=== EXERCISE DATA ===

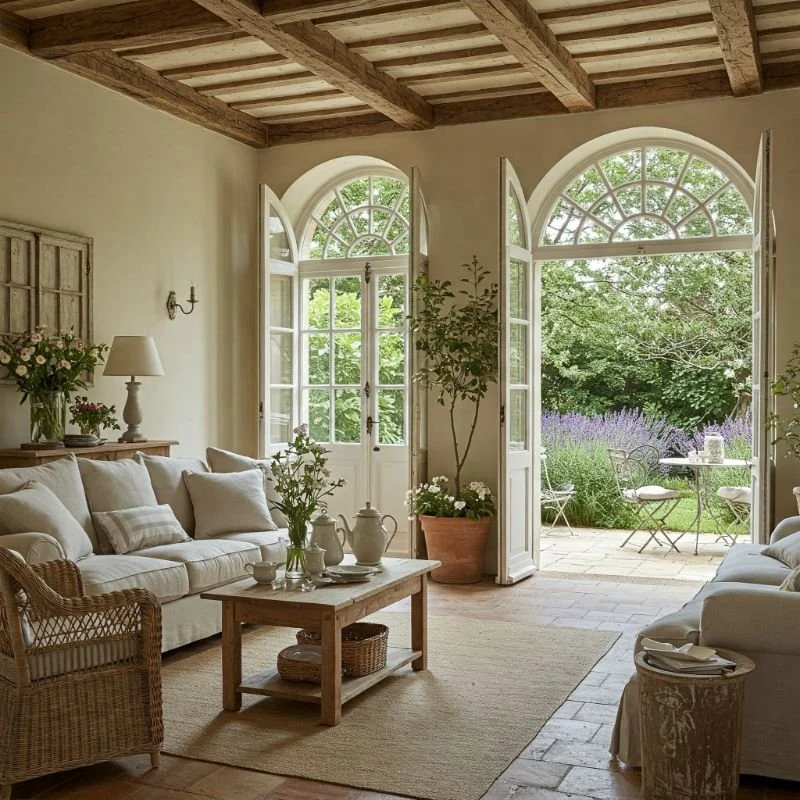 15 French Country Home Decor Ideas for a Timeless Home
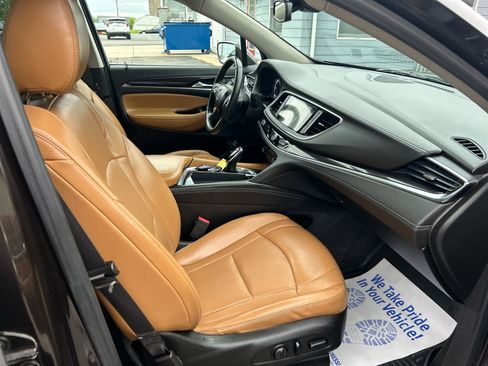 Used 2019 Buick Enclave Premium w/ Trailering Package, 5000 lbs. AWD/4WD image 27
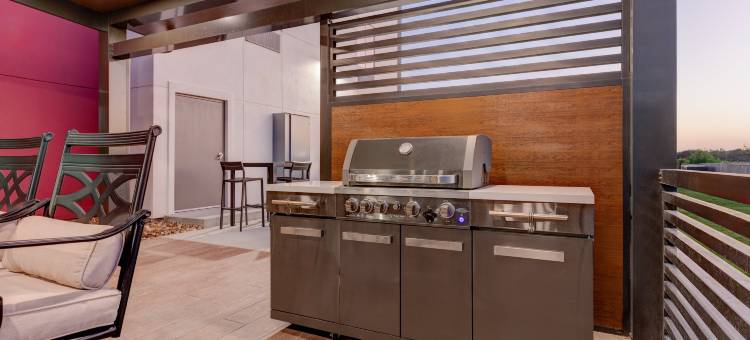 Candlewood Suites NAVASOTA by IHG图片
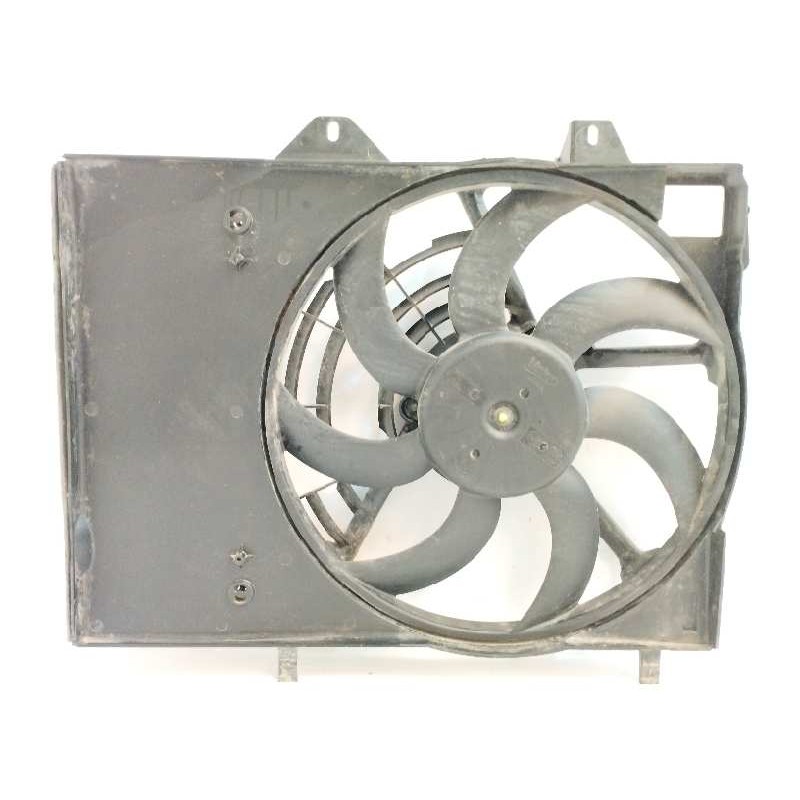 Recambio de electroventilador para citroën c3 aircross 1.2 12v e-thp referencia OEM IAM 3639678 FS2083 T30093F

===

Return the listing verbatim, pictures omitted.

 15 French Country Home Decor Ideas for a Timeless Home
 Used 2019 Buick Enclave Premium w/ Trailering Package, 5000 lbs. AWD/4WD image 27
 Candlewood Suites NAVASOTA by IHG图片
 Recambio de electroventilador para citroën c3 aircross 1.2 12v e-thp referencia OEM IAM 3639678 FS2083 T30093F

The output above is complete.